Ayer el anticuario vio a Lorelay. Es una de esas cosas que suceden desde que el mundo es mundo, más o menos, en la rueda de eones que no cesa. «Acabas de descubrir las caras cambiantes de esta diosa caprichosa. La que se oculta todavía para los demás, a ti se te ha revelado tal cual es. Si apruebas sus modos, acéptalos y no te quejes. Pero si aborreces su perfidia, desprecia y rechaza su juego peligroso», decía el bueno de Boecio en la consolación de la filosofía (refiriéndose a la fortuna y sus juegos macabros).

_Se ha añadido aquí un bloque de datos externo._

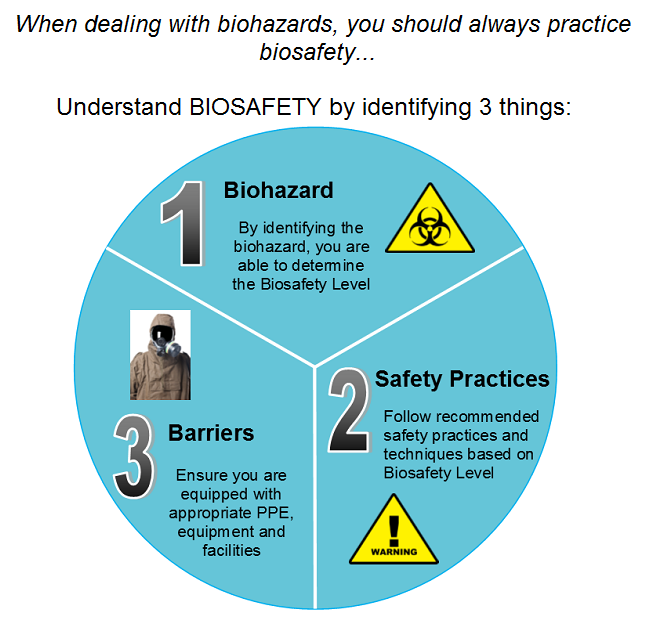 Biosafety 101: Are you SAFE?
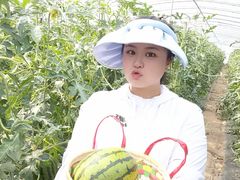-庞各庄西瓜蔬菜采摘园·锦华瓜园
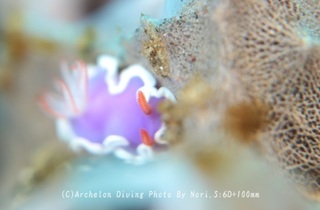 240106-nori-01rabend.jpg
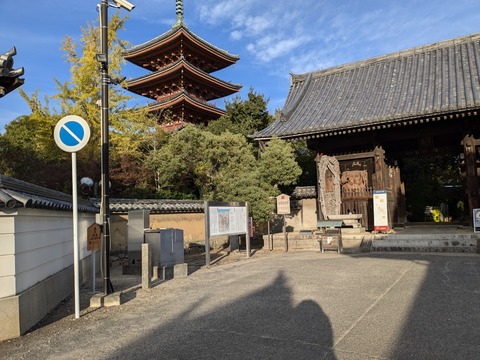 PXL_20241108_065302930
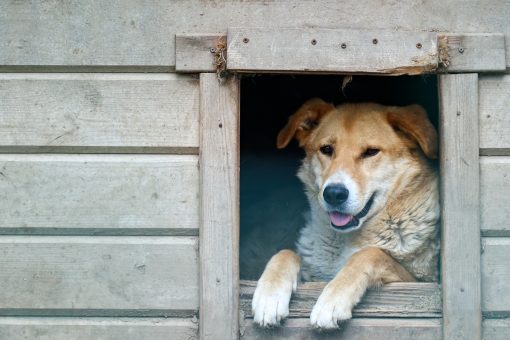 Собака, будка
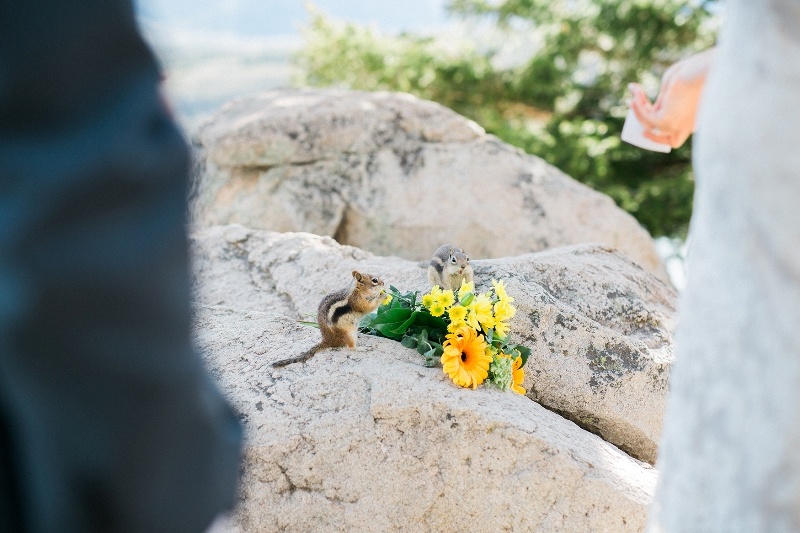 first married kiss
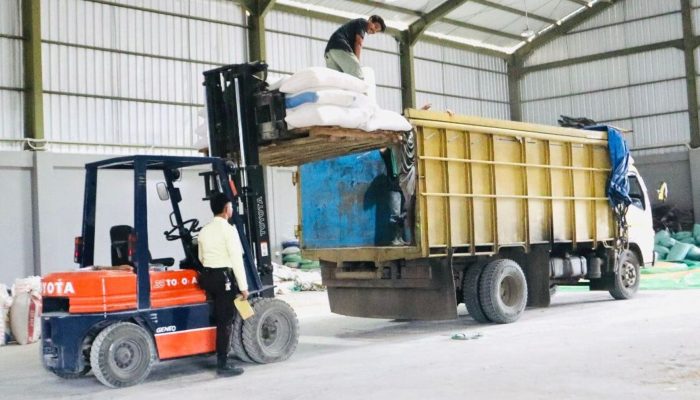 Petani Jagung Bengkayang Berdaya, PT Pangan Merah Putih Ubah Panen Jadi Harapan Baru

Me mandó un mensaje para devolverme los cdses, en un gesto que le honra. Me comentó que iba a pasar por casa, mientras yo estaba en el trabajo, y a coger de paso algunos dvdses. La llamé para decirle que mejor no, que la casa estaba hecha una mierda y que no me apetecía que la viera así. Burda mentira, fue todo tan repentino que no tenía gana alguna de que volviera a tocar cosas que luego podrían retransmitirme sus aires. Viejos vientos que ya no conservan materia, pero que pueden volver a llenarse de ella en un peligroso chance.

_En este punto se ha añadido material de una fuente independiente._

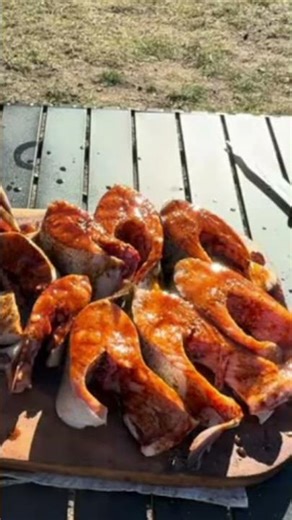 Mountain Trout BBQ & Hot Tea #outdoorcooking#cookingvideo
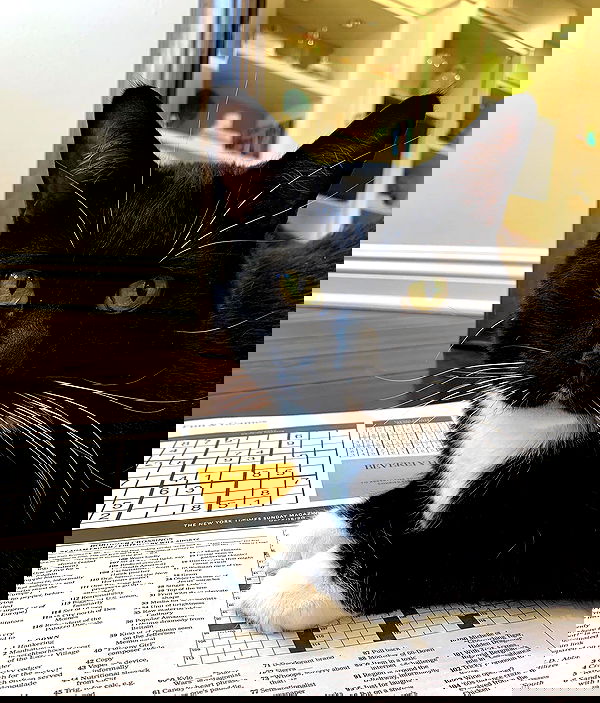 sophiemudd sophiemudd archive image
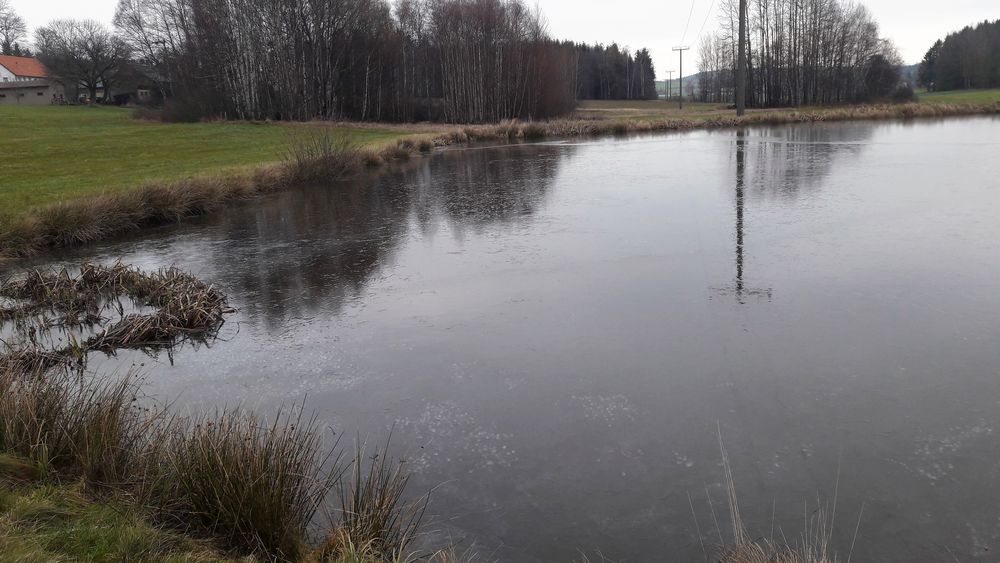 6.12.2019  Eisbildung auf dem Seerosenteich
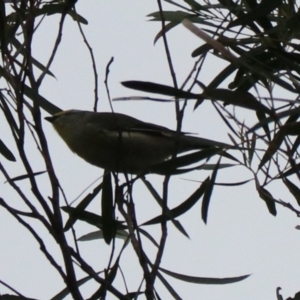 Pardalotus striatus at South Bruny, TAS - 21 Sep 2022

Después entré en razón y le dije que fuera cuando quisiera.
Acto seguido me dije a mí mismo que no estaría de más verla.
Pedí licencia poética en el curro y me fui corriendo a casa, en un gesto puramente adolescente que me destierra del mundo de la madurez para un par de meses, más o menos. Llegué antes que ella y cerré la puerta por dentro, para que pensara que no estaba.

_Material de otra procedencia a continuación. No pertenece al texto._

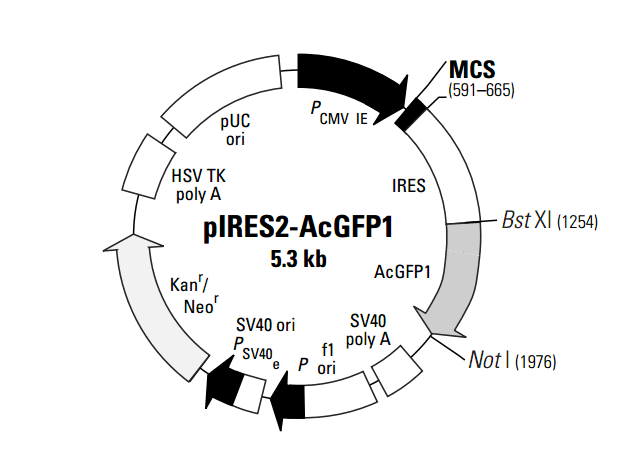 pIRES2- AcGFP1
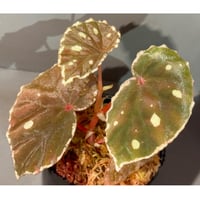 Begonia sp. from Borneo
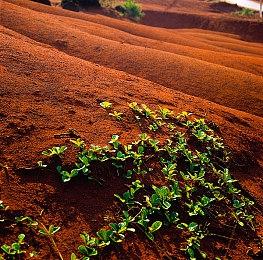 《异形工厂2》Steam页面上线 支持中文发售日期待定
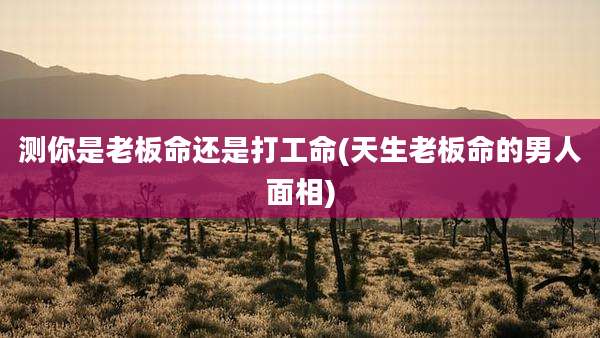 测你是老板命还是打工命(天生老板命的男人面相)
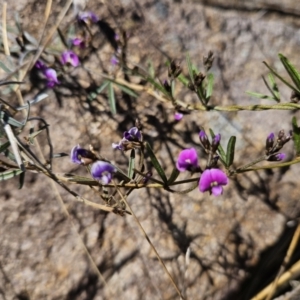 Glycine clandestina at Tuggeranong, ACT - 6 Sep 2023 02:00 PM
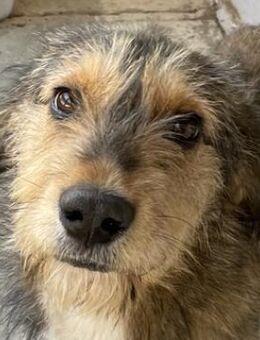 Flóki, geb. ca. 11/2023, GRIECHENLAND - Euskirchen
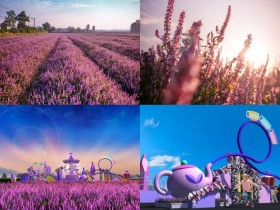 【2024桃園仙草嘉年華】仙草花節時間地點/展區/地圖/交通,楊梅登場!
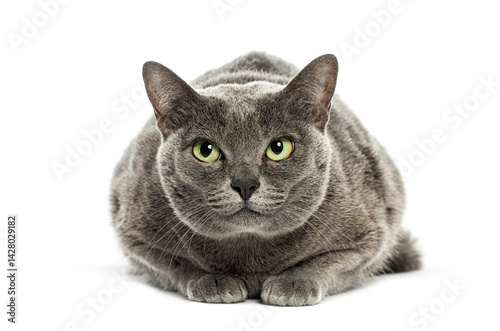 Korat cat lying down and staring, isolated on white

Su llave debe haber cogido desidia en todo este tiempo, porque no abría. Ante el temor bien fundado de que se diera media vuelta y todas mis tonterías no hubieran servido para nada (volviéndolas aún más tontas si cabe), le dije: «espera, que te ayudo». Al otro lado de la puerta estaba ella. Yo no atinaba bien a la hora de girar la llave (¿izquierda, derecha, centro…?). Abrí y entró. Hablamos. Me abrazó al despedirse. Buena idea. De repente yo quería más, más abrazos. Hubo más. Llamó su padre al móvil, rompiendo así el frágil momento. Cogió sus zapatos acumulados y se fue, descomprimiendo de nuevo el aire de la casa, que huyó a la calle, retumbó levemente en la esquina y ascendió hasta que se enfrió lo suficiente para caer de nuevo.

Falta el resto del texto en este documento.